#### Supplied entries

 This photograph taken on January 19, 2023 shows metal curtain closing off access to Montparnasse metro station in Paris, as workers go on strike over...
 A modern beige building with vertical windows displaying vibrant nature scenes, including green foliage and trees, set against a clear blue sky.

--

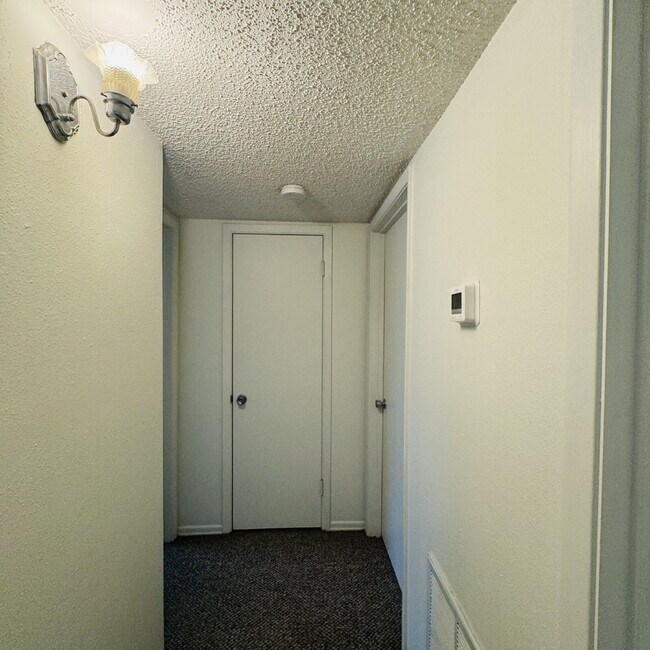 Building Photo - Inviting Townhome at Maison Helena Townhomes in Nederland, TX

==

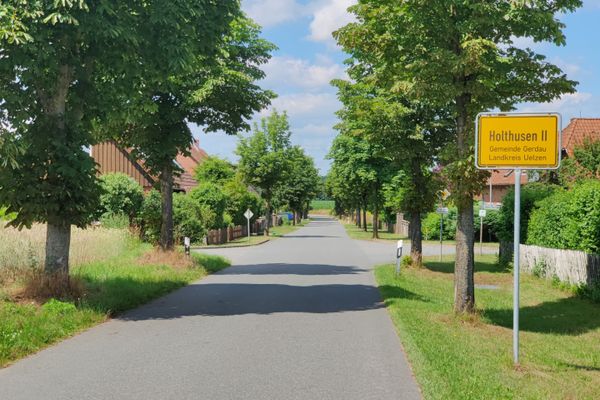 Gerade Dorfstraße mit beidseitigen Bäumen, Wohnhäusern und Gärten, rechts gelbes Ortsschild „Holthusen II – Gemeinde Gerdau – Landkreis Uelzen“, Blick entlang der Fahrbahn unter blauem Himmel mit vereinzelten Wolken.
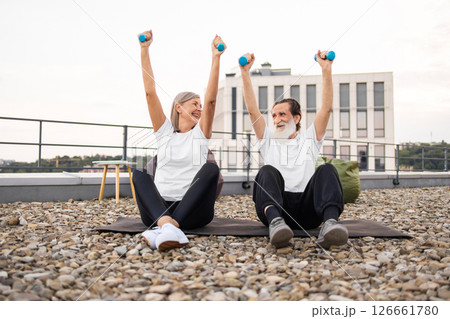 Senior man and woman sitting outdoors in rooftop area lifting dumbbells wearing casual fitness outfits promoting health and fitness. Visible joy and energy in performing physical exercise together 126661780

#### Work task
For this exercise, set down the lines in the entries above from the one with "Gerade Dorfstraße mit" through the one with "Senior man and" exactly as written, without any pictures.

#### Result for this exercise
 Gerade Dorfstraße mit beidseitigen Bäumen, Wohnhäusern und Gärten, rechts gelbes Ortsschild „Holthusen II – Gemeinde Gerdau – Landkreis Uelzen“, Blick entlang der Fahrbahn unter blauem Himmel mit vereinzelten Wolken.
 Senior man and woman sitting outdoors in rooftop area lifting dumbbells wearing casual fitness outfits promoting health and fitness. Visible joy and energy in performing physical exercise together 126661780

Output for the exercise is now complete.